Recently, we changed the replication of data sources to 2. After the changes, the avg query response became slower, from 0.05+ seconds to 0.25+ seconds. After monitoring the Druid metrics, we found that the query/segment/time increased a lot from 20+ms to 200+ms (historical noes).

The query/segment/time decreased to 100+ms at some time point, which varies for different historical nodes. Then, we set the replication back to 1. The query/segment/time decreased back to 20+ms at some time point, which varies for different historical nodes as well. By cross check with GC logs, we found that the time decreased right after Metaspace GC occurs.

Does anyone have any clue what is happening?

Is the slow response caused segments being paged in and out memory?

How come the speed resume after Metaspace GC occurs or is it a coincidence?

Thanks and Regards,

Xiangqun

Hi,
In case the historical nodes don’t have enough available memory to serve both the segment replica’s from in-memory, it is possible that paging in-out of data from disk would slow down your queries. If you collect druid metrics (http://druid.io/docs/latest/operations/metrics.html) and have enabled sys metrics, you can verify this by checking out disk read and paging in/out related metrics.

Hi Nishant,

Thanks for your reply. We don’t have sys metrics enabled. Will do in the future. For now, I can still see there are free memory available and 0B Swap used. And I am curious about how JVM Metaspace GC will affect the query/segment/time. Do you have any thought on this?

Hi,

I have added pageIn/pageOut metrics. When I do a stress test, I came across a similar scenario. The query/segment/time increased during the stress test. However, it doesn’t decrease even the test is finished. The query/segment/time drop sharply after a Metaspace GC occurred.

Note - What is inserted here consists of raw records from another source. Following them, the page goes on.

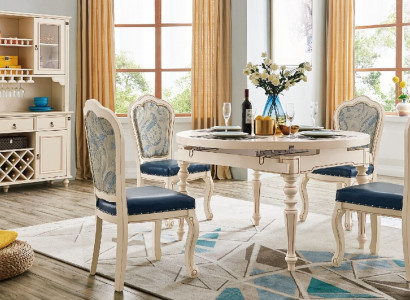 Gruppe Ess Zimmer Tisch 4x Stuhl Set Holz Garnitur Tische Rund 5tlg. Sets Möbel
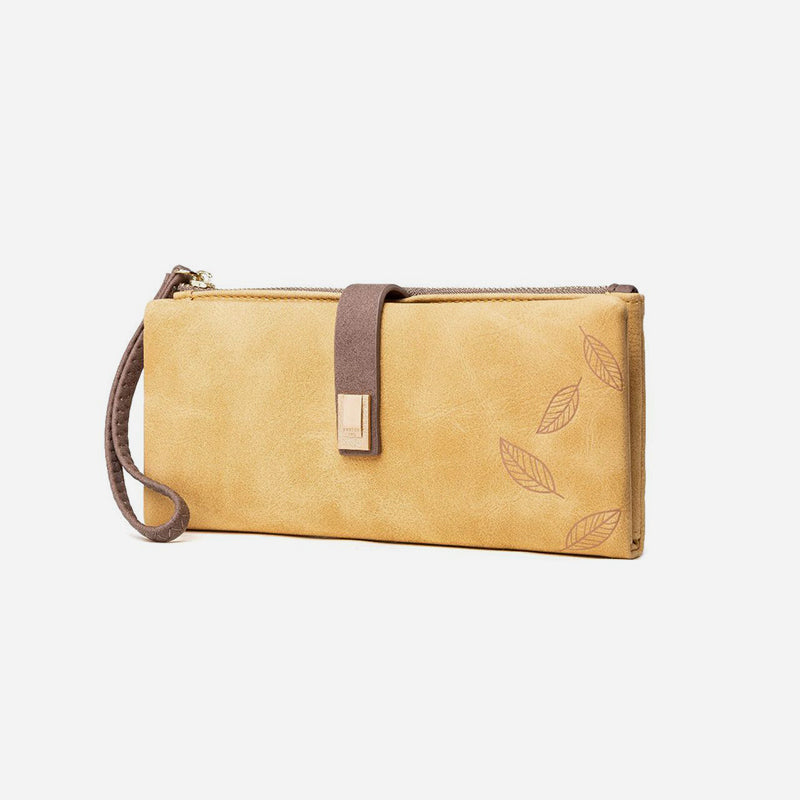 Dreifach gefaltete lange Clutch für Damen im Vintage-Stil, mattiertes Leder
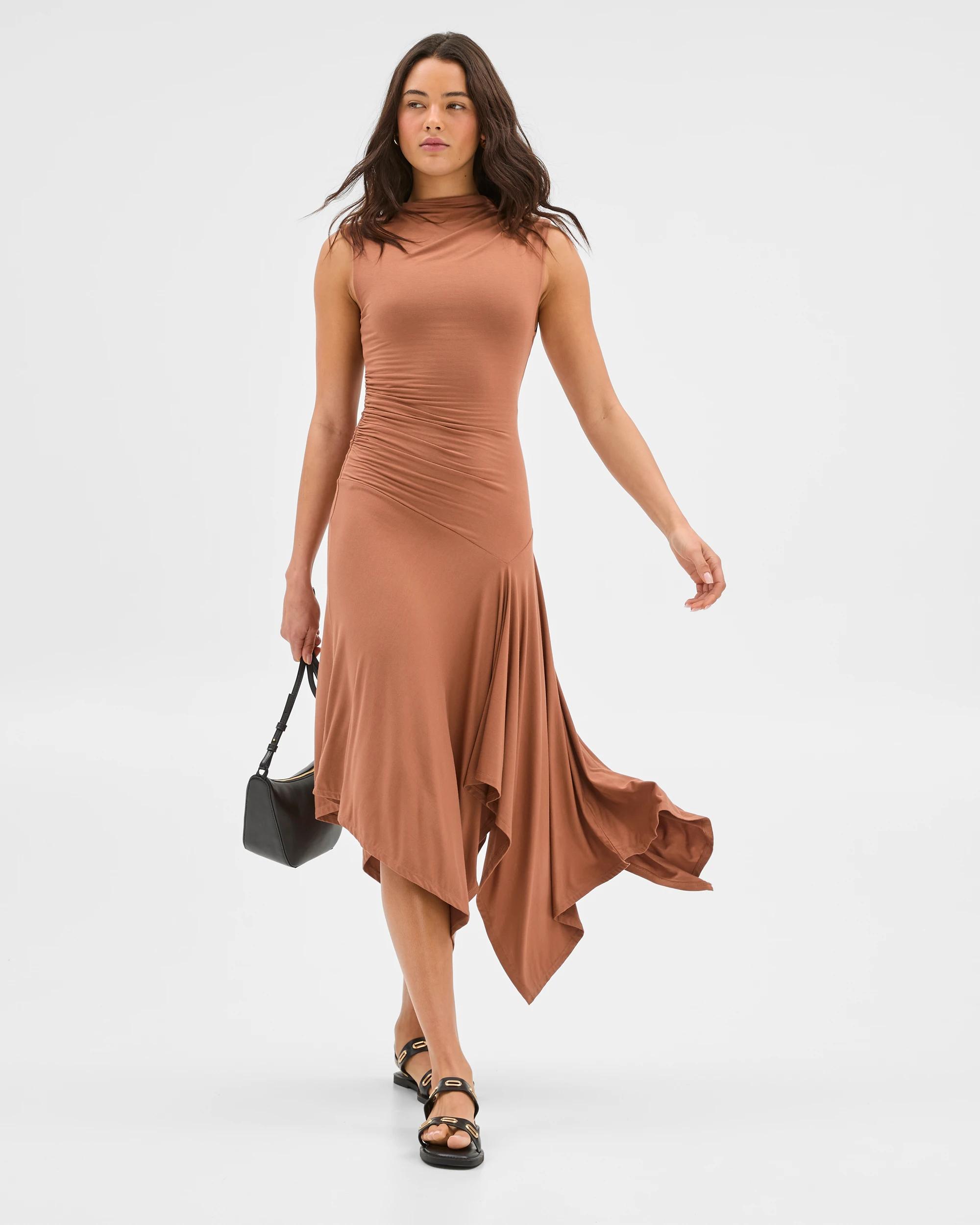 1 Drape Hanky Hem Midi Dress - Lily Loves CAROB, 1 of 7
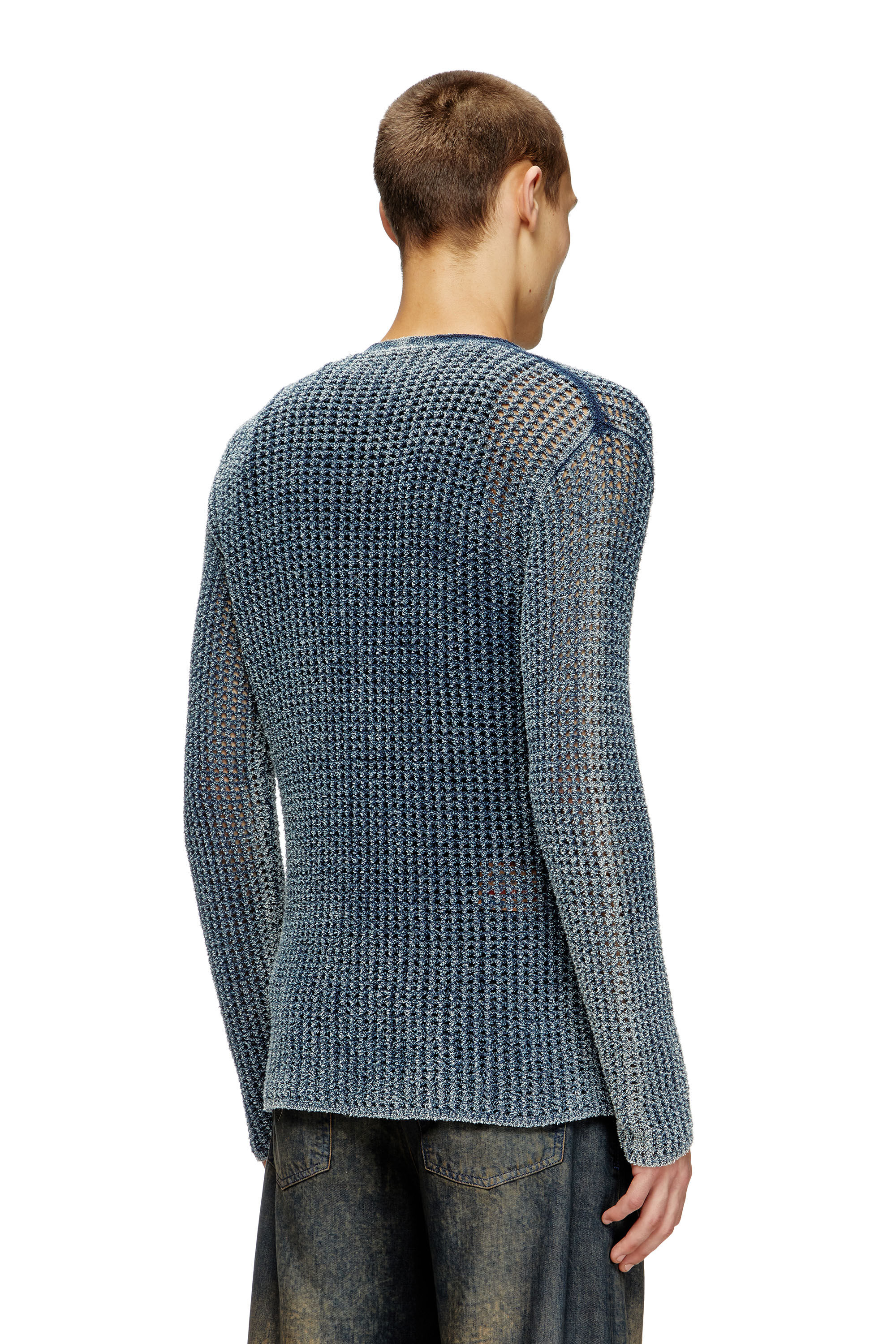 Diesel - K-REDRAM, Cardigan traforato in filato denim Uomo in Blu - 4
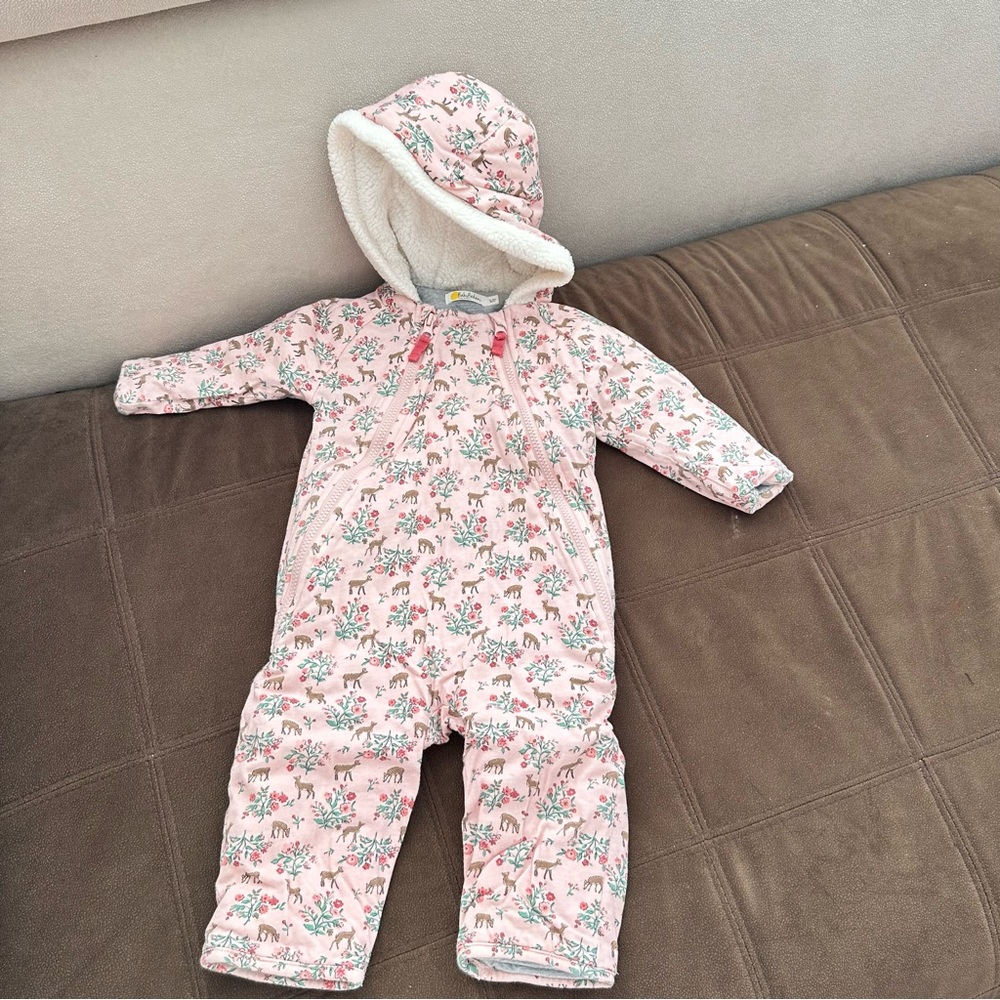 Like NEW!!! Mini Boden Quilted Hooded Bunting - Pink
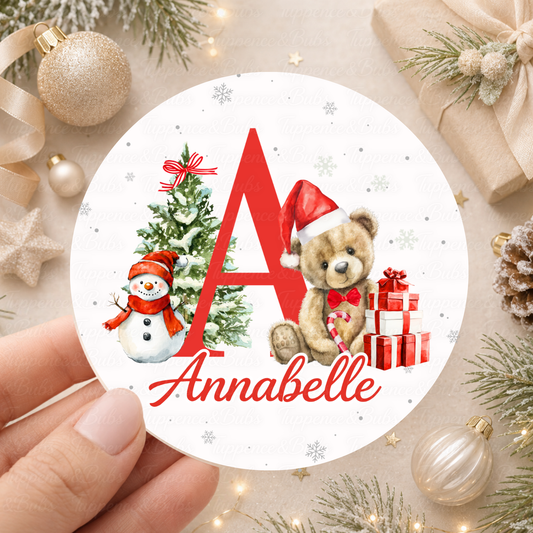 Personalised Christmas Initial & Teddy Bear Stickers
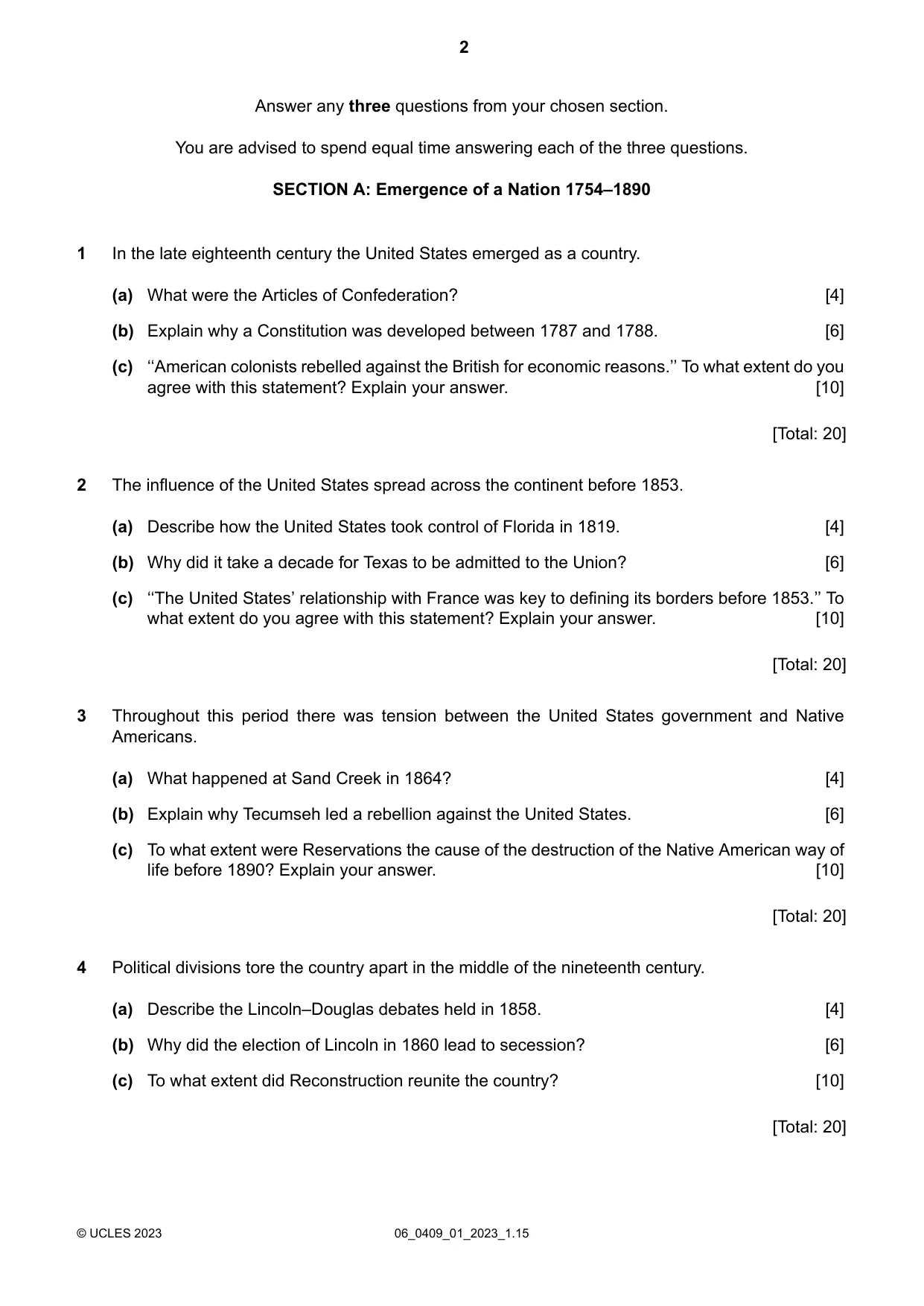 Cambridge IGCSE History American BES 0409 2023 May/June Paper 1 · Variant 0 question paper, page 2 of 8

2019-04-11T17:32:37.725+0800: 9980.413: [GC remark 2019-04-11T17:32:37.725+0800: 9980.413: [Finalize Marking, 0.0006864 secs] 2019-04-11T17:32:37.726+0800: 9980.413: [GC ref-proc, 0.0030266 secs] 2019-04-11T17:32:37.729+0800: 9980.416: [Unloading, 0.7800540 secs], 0.7862240 secs]

Are you using Druid’s javascript functionality by any chance? It can put a lot of pressure on metaspace since it compiles the JS functions each time you run a query.

Hi Gian,

Thanks for your reply. Yes, we do use a lot of javascript filters. Our queries are mainly topN and timeseries, and the javascript filter is mainly used to filter numeric metrics greater than 0.

e.g.

{ “type”: “javascript”, “dimension”: “gmv”, “function”: “function(x) { return(x > 0) }” }

Is there an alternative better way to this. e.g.

{

“type”: “not”,

“field”: {

“type”: “selector”,

“dimension”: “gmv”,

“value”: “0”

}

}

Thanks.

Hi Gian,

We have replaced the javascript filter with bound filter. It works very well. Thanks a lot!